Still, certain themes recur. In book after book, Whitehead returns to questions of injustice, identity, survival, and what it means to live in America. “There are corners of America that we never see, never think about and never hear about,” he told 60 Minutes. “There are people walking around with stories no one cared to listen to. And if we put the effort in, maybe we can discover them.”
He nearly didn’t become a novelist at all. After graduating from Harvard, Whitehead got a job at The Village Voice, fact-checking and freelancing. His first attempt at a novel—a theoretical story about a Gary Coleman–like child star—was rejected 25 times. “It sucked,” he later admitted. But the experience convinced him he had no other choice. He wrote another novel, and another, and another.
Over time, he built a reputation as a daring and unclassifiable writer. Then came The Underground Railroad, and his career exploded. The novel spent 49 weeks on the New York Times bestseller list, won the National Book Award and the Pulitzer, and was adapted into an acclaimed limited series by Barry Jenkins. It sold more than two million copies.
Success hasn’t made writing any easier. “Every book is terrifying,” Whitehead says. “You have your hopes and wishes for the project, and then your limitations as an artist. And if you’re lucky, you find a path in the middle.”
He still approaches each new book the same way. First comes the idea, often sparked by a newspaper article, a photograph, or a fragment of history. Then comes the research—books, archives, maps, conversations with his mother. He outlines meticulously, always knowing the ending before he begins. And then, finally, the writing.
Colson Whitehead’s daily writing routine
“I try to write eight pages a week,” he told The Toronto Star. “It could be Monday, Tuesday, and then Saturday and Sunday. Or Thursday through Sunday. But eight pages—that’s 30-something a month. In a year, that’s a good amount.” He works at home, where he can pace, nap, cook, and listen to loud music. Cafés don’t work, he jokes: “You can’t nap or weep spontaneously.”

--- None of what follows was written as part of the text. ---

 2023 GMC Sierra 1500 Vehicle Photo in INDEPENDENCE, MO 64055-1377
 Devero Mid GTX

The first line is critical. “Even in death the boys were in trouble,” begins The Nickel Boys. “The first time Caesar approached Cora about running north, she said no,” opens The Underground Railroad. These sentences often come months in advance, jotted down on his phone at 4 a.m., waiting for the right book to arrive.

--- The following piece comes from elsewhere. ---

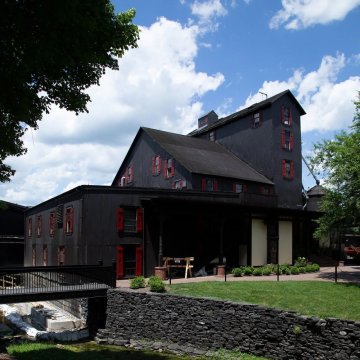 Maker’s Mark - Revoluce pšeničného bourbonu z Kentucky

The voice of the narrator takes longer. Sometimes it clicks quickly—Whitehead says he found the tone for The Nickel Boys and The Underground Railroad almost immediately. Other times it takes 80 or 90 pages to figure out. Once he has it, he goes back and rewrites from page one to bring the early chapters in line with the new voice. “Maybe the narrator is very expansive,” he says. “Maybe very curt. But once I know, I know.”

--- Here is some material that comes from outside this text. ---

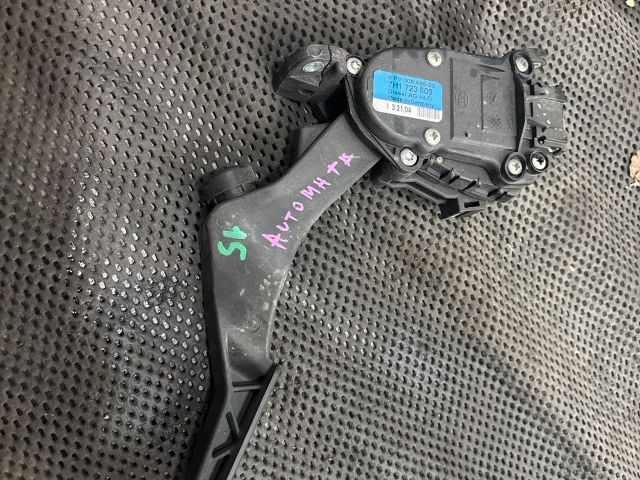 bontott VW TRANSPORTER Gázpedál (Elektromos)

He doesn’t write every day, and he doesn’t believe in romanticizing the grind. “Some people say write every day,” he says. “That seems sort of fascistic and not very fun.” Instead, he alternates between periods of high productivity and long stretches of doing nothing—watching movies, cooking, reading comic books, playing video games. “I’m the most productive, laziest person I know,” he says. “And that’s the greatest compliment.”
“I always wake up, look at my computer, and say, ‘Don’t screw it up today, Colson,’” Whitehead told The Toronto Star. He writes from home, where he can nap, cook, pace, and blast music from a 3,000-song playlist. He outlines each book in advance and always knows the final page before he begins. He writes in spurts—four or five hours a day, aiming for eight pages a week. “Writing every day,” he says, “seems a little joyless.” Some books come easily. Others don’t. But once a book is underway, he disappears into it: “I don’t go out. I forget to eat. I sleep very little. And once it’s done, I veg out and play video games for six weeks.”